╭─ DATA FOR THE TASK
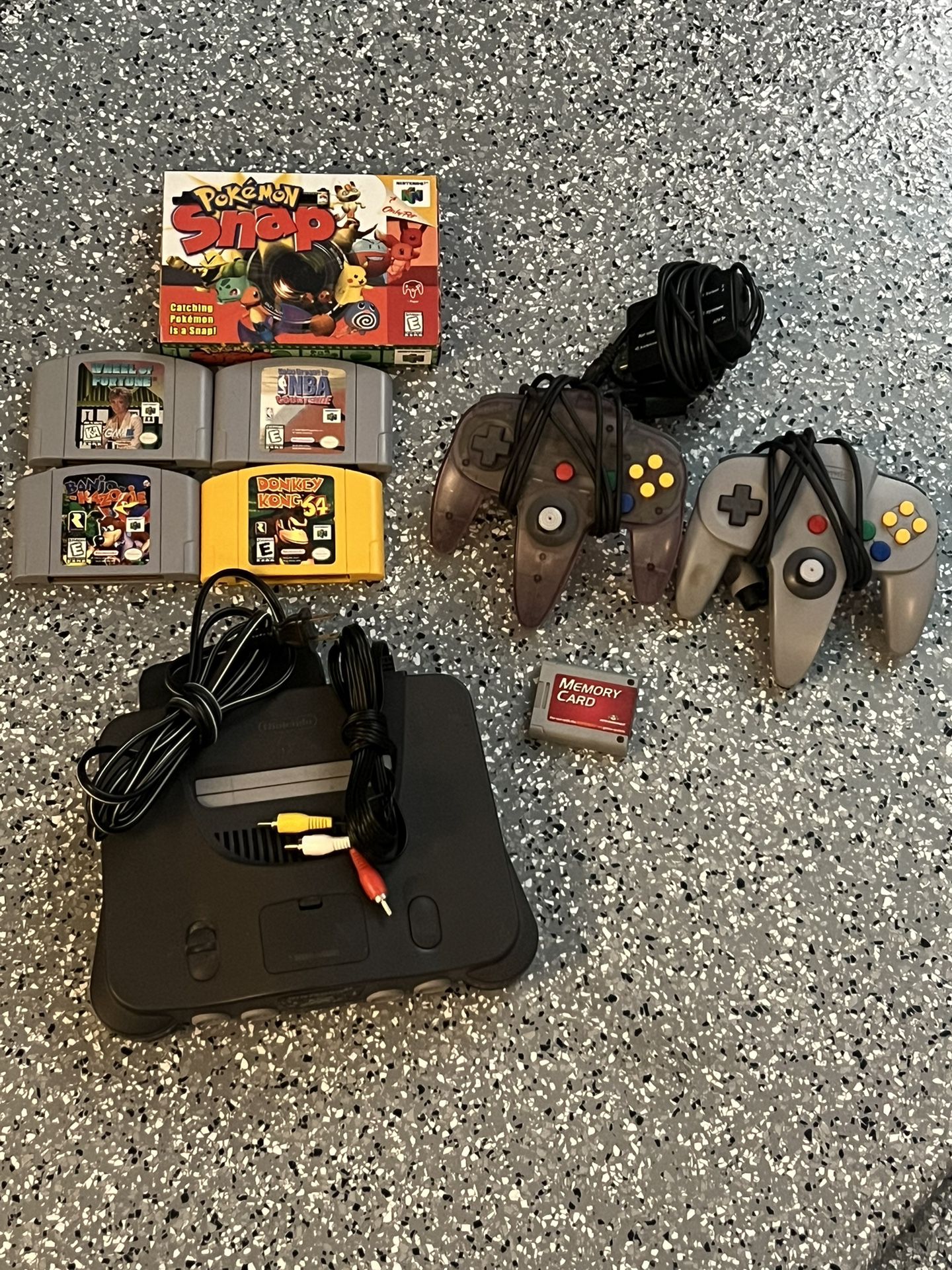 NINTENDO 64 w/ 2 controllers & Games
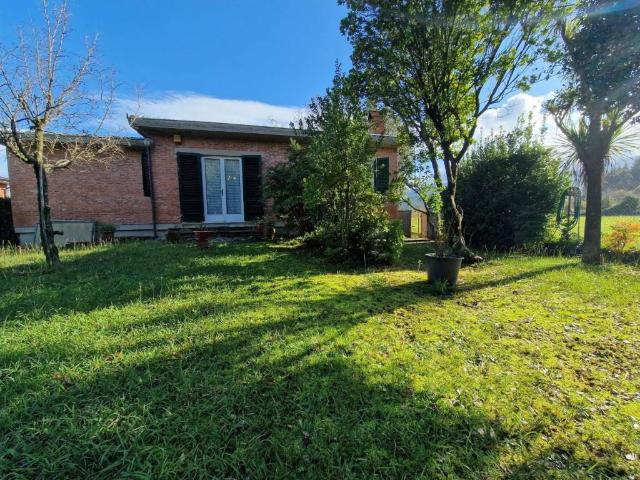 Villa in vendita a Capannori LU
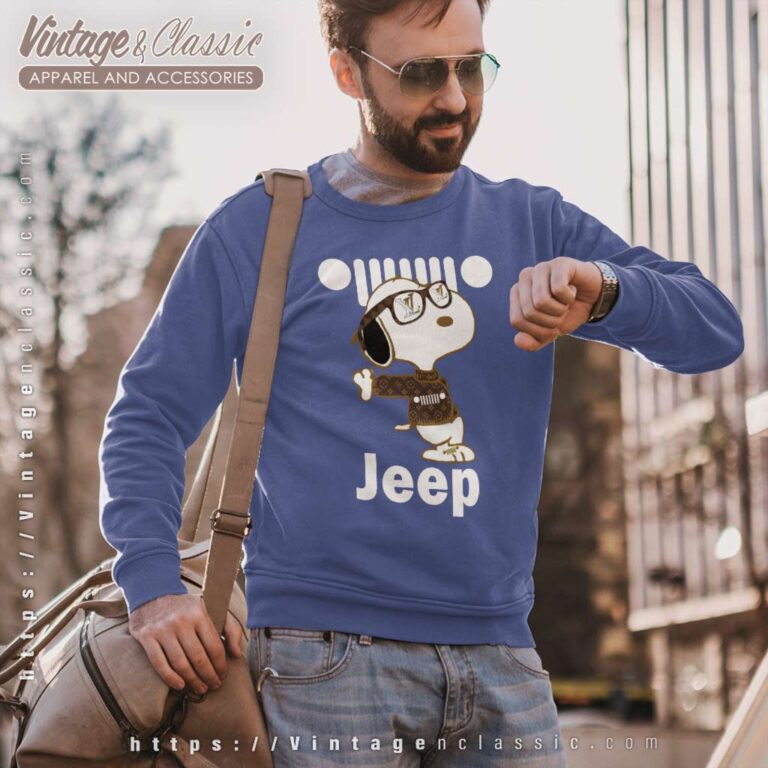 Snoopy With Jeep Cute Sweatshirt Snoopy With Jeep Cute Sweatshirt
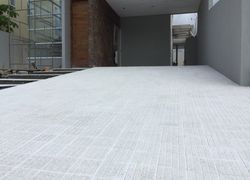 piso podotátil de concreto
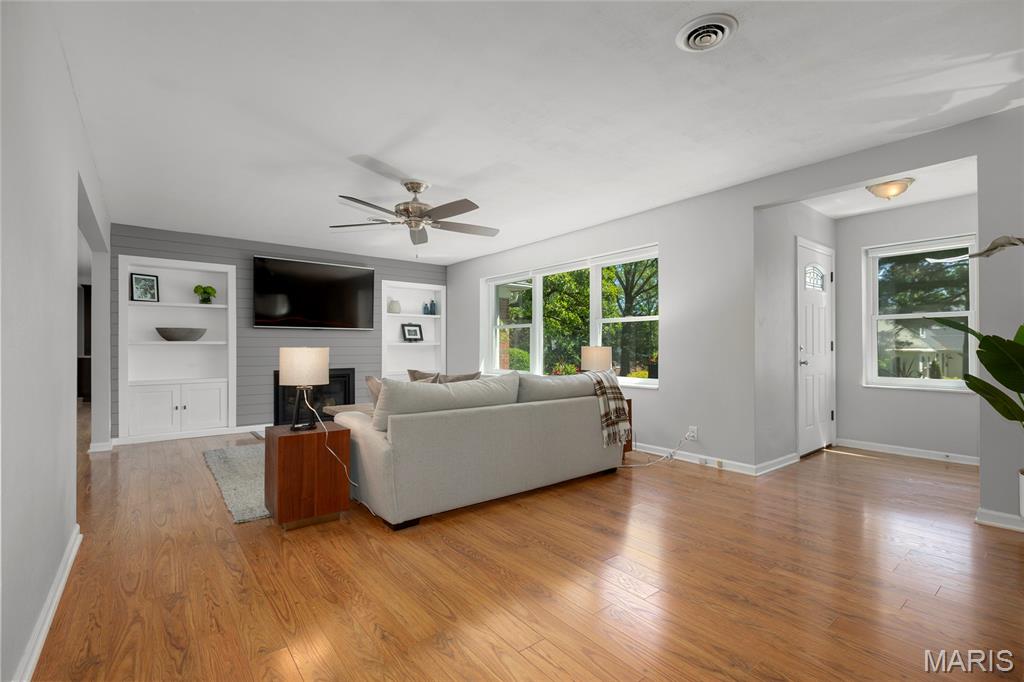 1345 Cheshire Lane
╰─
--- PROBLEM DETAILS ---
Keep each line of the records exactly as it is while transcribing them, but leave the images behind.

--- EXERCISE SOLUTION ---
 NINTENDO 64 w/ 2 controllers & Games
 Villa in vendita a Capannori LU
 Snoopy With Jeep Cute Sweatshirt Snoopy With Jeep Cute Sweatshirt
 piso podotátil de concreto
 1345 Cheshire Lane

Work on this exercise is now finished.